-- Material shown follows --

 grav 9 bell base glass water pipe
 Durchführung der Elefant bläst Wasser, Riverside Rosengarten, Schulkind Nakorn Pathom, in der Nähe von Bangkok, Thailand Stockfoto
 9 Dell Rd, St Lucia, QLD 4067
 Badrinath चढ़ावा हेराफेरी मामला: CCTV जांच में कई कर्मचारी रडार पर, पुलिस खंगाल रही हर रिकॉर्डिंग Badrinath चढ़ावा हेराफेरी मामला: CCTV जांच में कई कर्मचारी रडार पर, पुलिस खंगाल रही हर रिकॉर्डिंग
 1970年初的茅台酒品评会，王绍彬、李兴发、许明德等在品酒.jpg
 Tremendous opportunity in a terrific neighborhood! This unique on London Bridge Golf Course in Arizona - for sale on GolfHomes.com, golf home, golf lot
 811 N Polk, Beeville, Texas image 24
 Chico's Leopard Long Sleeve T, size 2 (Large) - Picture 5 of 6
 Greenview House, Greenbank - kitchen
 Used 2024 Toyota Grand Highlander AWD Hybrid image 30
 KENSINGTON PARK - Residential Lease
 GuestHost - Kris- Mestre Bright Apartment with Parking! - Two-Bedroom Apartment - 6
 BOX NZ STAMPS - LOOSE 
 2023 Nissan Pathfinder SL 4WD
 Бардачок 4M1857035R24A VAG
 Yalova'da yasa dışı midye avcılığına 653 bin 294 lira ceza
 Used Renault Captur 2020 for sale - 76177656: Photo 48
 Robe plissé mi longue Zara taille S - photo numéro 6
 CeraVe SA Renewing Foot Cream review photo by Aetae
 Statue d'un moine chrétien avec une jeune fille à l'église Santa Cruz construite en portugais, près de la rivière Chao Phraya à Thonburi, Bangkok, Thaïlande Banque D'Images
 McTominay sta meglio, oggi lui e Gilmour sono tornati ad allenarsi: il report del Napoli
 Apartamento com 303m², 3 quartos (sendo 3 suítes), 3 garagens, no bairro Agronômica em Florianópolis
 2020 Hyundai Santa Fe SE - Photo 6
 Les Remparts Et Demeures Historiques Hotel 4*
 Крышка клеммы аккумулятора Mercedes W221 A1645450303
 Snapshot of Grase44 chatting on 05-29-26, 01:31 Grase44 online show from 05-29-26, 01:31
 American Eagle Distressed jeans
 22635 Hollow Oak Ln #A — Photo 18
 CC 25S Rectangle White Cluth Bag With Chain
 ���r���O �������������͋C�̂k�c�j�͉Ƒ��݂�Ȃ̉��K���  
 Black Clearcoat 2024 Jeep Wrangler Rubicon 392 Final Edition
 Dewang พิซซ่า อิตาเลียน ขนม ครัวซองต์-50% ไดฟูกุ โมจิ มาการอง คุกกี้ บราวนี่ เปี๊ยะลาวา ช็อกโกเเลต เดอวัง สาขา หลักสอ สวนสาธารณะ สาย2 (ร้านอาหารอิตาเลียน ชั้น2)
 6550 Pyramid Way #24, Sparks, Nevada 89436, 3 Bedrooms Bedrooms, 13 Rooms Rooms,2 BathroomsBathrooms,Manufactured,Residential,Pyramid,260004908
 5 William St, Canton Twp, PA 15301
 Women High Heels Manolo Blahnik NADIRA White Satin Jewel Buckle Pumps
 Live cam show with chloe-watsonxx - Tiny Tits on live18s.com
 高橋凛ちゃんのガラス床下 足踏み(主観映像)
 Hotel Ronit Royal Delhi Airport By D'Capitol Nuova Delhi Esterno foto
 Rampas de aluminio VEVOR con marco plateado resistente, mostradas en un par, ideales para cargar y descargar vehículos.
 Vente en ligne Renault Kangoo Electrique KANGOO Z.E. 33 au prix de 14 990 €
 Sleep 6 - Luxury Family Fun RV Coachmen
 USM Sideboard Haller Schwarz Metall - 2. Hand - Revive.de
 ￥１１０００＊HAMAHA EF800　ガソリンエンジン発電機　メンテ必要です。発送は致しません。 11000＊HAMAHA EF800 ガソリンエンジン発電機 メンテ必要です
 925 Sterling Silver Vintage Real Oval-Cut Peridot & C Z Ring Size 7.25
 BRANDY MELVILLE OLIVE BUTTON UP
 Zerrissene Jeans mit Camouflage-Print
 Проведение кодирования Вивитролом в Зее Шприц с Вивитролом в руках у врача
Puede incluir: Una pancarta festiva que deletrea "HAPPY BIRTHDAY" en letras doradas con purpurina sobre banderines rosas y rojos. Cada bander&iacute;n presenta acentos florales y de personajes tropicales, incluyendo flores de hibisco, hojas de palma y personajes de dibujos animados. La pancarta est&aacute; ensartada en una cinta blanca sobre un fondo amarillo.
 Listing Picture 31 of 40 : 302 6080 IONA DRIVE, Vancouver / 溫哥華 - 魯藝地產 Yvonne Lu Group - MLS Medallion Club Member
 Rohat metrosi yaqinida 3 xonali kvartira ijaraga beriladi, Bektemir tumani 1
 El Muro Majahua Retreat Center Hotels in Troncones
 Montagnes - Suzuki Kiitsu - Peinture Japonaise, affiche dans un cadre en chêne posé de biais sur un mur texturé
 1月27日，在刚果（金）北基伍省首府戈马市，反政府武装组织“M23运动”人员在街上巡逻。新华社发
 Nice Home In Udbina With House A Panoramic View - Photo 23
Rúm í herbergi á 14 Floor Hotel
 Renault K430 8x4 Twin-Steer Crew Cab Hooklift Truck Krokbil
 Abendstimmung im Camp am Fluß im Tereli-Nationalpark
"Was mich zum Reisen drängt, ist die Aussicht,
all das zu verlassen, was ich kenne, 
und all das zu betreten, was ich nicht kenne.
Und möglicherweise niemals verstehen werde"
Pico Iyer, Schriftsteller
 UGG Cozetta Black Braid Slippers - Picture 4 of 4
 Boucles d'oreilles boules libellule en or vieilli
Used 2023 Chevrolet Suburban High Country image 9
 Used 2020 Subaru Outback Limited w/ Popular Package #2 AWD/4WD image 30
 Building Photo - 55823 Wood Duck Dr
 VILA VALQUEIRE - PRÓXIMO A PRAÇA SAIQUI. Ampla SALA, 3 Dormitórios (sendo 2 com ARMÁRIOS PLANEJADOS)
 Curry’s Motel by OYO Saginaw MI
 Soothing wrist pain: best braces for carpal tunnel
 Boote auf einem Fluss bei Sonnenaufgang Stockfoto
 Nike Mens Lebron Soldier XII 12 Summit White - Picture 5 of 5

-- Material shown concluded --

▶ **Assigned task**
The answer must be the data above, repeated exactly as it stands.

▶ **Task answer**
 grav 9 bell base glass water pipe
 Durchführung der Elefant bläst Wasser, Riverside Rosengarten, Schulkind Nakorn Pathom, in der Nähe von Bangkok, Thailand Stockfoto
 9 Dell Rd, St Lucia, QLD 4067
 Badrinath चढ़ावा हेराफेरी मामला: CCTV जांच में कई कर्मचारी रडार पर, पुलिस खंगाल रही हर रिकॉर्डिंग Badrinath चढ़ावा हेराफेरी मामला: CCTV जांच में कई कर्मचारी रडार पर, पुलिस खंगाल रही हर रिकॉर्डिंग
 1970年初的茅台酒品评会，王绍彬、李兴发、许明德等在品酒.jpg
 Tremendous opportunity in a terrific neighborhood! This unique on London Bridge Golf Course in Arizona - for sale on GolfHomes.com, golf home, golf lot
 811 N Polk, Beeville, Texas image 24
 Chico's Leopard Long Sleeve T, size 2 (Large) - Picture 5 of 6
 Greenview House, Greenbank - kitchen
 Used 2024 Toyota Grand Highlander AWD Hybrid image 30
 KENSINGTON PARK - Residential Lease
 GuestHost - Kris- Mestre Bright Apartment with Parking! - Two-Bedroom Apartment - 6
 BOX NZ STAMPS - LOOSE 
 2023 Nissan Pathfinder SL 4WD
 Бардачок 4M1857035R24A VAG
 Yalova'da yasa dışı midye avcılığına 653 bin 294 lira ceza
 Used Renault Captur 2020 for sale - 76177656: Photo 48
 Robe plissé mi longue Zara taille S - photo numéro 6
 CeraVe SA Renewing Foot Cream review photo by Aetae
 Statue d'un moine chrétien avec une jeune fille à l'église Santa Cruz construite en portugais, près de la rivière Chao Phraya à Thonburi, Bangkok, Thaïlande Banque D'Images
 McTominay sta meglio, oggi lui e Gilmour sono tornati ad allenarsi: il report del Napoli
 Apartamento com 303m², 3 quartos (sendo 3 suítes), 3 garagens, no bairro Agronômica em Florianópolis
 2020 Hyundai Santa Fe SE - Photo 6
 Les Remparts Et Demeures Historiques Hotel 4*
 Крышка клеммы аккумулятора Mercedes W221 A1645450303
 Snapshot of Grase44 chatting on 05-29-26, 01:31 Grase44 online show from 05-29-26, 01:31
 American Eagle Distressed jeans
 22635 Hollow Oak Ln #A — Photo 18
 CC 25S Rectangle White Cluth Bag With Chain
 ���r���O �������������͋C�̂k�c�j�͉Ƒ��݂�Ȃ̉��K���  
 Black Clearcoat 2024 Jeep Wrangler Rubicon 392 Final Edition
 Dewang พิซซ่า อิตาเลียน ขนม ครัวซองต์-50% ไดฟูกุ โมจิ มาการอง คุกกี้ บราวนี่ เปี๊ยะลาวา ช็อกโกเเลต เดอวัง สาขา หลักสอ สวนสาธารณะ สาย2 (ร้านอาหารอิตาเลียน ชั้น2)
 6550 Pyramid Way #24, Sparks, Nevada 89436, 3 Bedrooms Bedrooms, 13 Rooms Rooms,2 BathroomsBathrooms,Manufactured,Residential,Pyramid,260004908
 5 William St, Canton Twp, PA 15301
 Women High Heels Manolo Blahnik NADIRA White Satin Jewel Buckle Pumps
 Live cam show with chloe-watsonxx - Tiny Tits on live18s.com
 高橋凛ちゃんのガラス床下 足踏み(主観映像)
 Hotel Ronit Royal Delhi Airport By D'Capitol Nuova Delhi Esterno foto
 Rampas de aluminio VEVOR con marco plateado resistente, mostradas en un par, ideales para cargar y descargar vehículos.
 Vente en ligne Renault Kangoo Electrique KANGOO Z.E. 33 au prix de 14 990 €
 Sleep 6 - Luxury Family Fun RV Coachmen
 USM Sideboard Haller Schwarz Metall - 2. Hand - Revive.de
 ￥１１０００＊HAMAHA EF800　ガソリンエンジン発電機　メンテ必要です。発送は致しません。 11000＊HAMAHA EF800 ガソリンエンジン発電機 メンテ必要です
 925 Sterling Silver Vintage Real Oval-Cut Peridot & C Z Ring Size 7.25
 BRANDY MELVILLE OLIVE BUTTON UP
 Zerrissene Jeans mit Camouflage-Print
 Проведение кодирования Вивитролом в Зее Шприц с Вивитролом в руках у врача
Puede incluir: Una pancarta festiva que deletrea "HAPPY BIRTHDAY" en letras doradas con purpurina sobre banderines rosas y rojos. Cada bander&iacute;n presenta acentos florales y de personajes tropicales, incluyendo flores de hibisco, hojas de palma y personajes de dibujos animados. La pancarta est&aacute; ensartada en una cinta blanca sobre un fondo amarillo.
 Listing Picture 31 of 40 : 302 6080 IONA DRIVE, Vancouver / 溫哥華 - 魯藝地產 Yvonne Lu Group - MLS Medallion Club Member
 Rohat metrosi yaqinida 3 xonali kvartira ijaraga beriladi, Bektemir tumani 1
 El Muro Majahua Retreat Center Hotels in Troncones
 Montagnes - Suzuki Kiitsu - Peinture Japonaise, affiche dans un cadre en chêne posé de biais sur un mur texturé
 1月27日，在刚果（金）北基伍省首府戈马市，反政府武装组织“M23运动”人员在街上巡逻。新华社发
 Nice Home In Udbina With House A Panoramic View - Photo 23
Rúm í herbergi á 14 Floor Hotel
 Renault K430 8x4 Twin-Steer Crew Cab Hooklift Truck Krokbil
 Abendstimmung im Camp am Fluß im Tereli-Nationalpark
"Was mich zum Reisen drängt, ist die Aussicht,
all das zu verlassen, was ich kenne, 
und all das zu betreten, was ich nicht kenne.
Und möglicherweise niemals verstehen werde"
Pico Iyer, Schriftsteller
 UGG Cozetta Black Braid Slippers - Picture 4 of 4
 Boucles d'oreilles boules libellule en or vieilli
Used 2023 Chevrolet Suburban High Country image 9
 Used 2020 Subaru Outback Limited w/ Popular Package #2 AWD/4WD image 30
 Building Photo - 55823 Wood Duck Dr
 VILA VALQUEIRE - PRÓXIMO A PRAÇA SAIQUI. Ampla SALA, 3 Dormitórios (sendo 2 com ARMÁRIOS PLANEJADOS)
 Curry’s Motel by OYO Saginaw MI
 Soothing wrist pain: best braces for carpal tunnel
 Boote auf einem Fluss bei Sonnenaufgang Stockfoto
 Nike Mens Lebron Soldier XII 12 Summit White - Picture 5 of 5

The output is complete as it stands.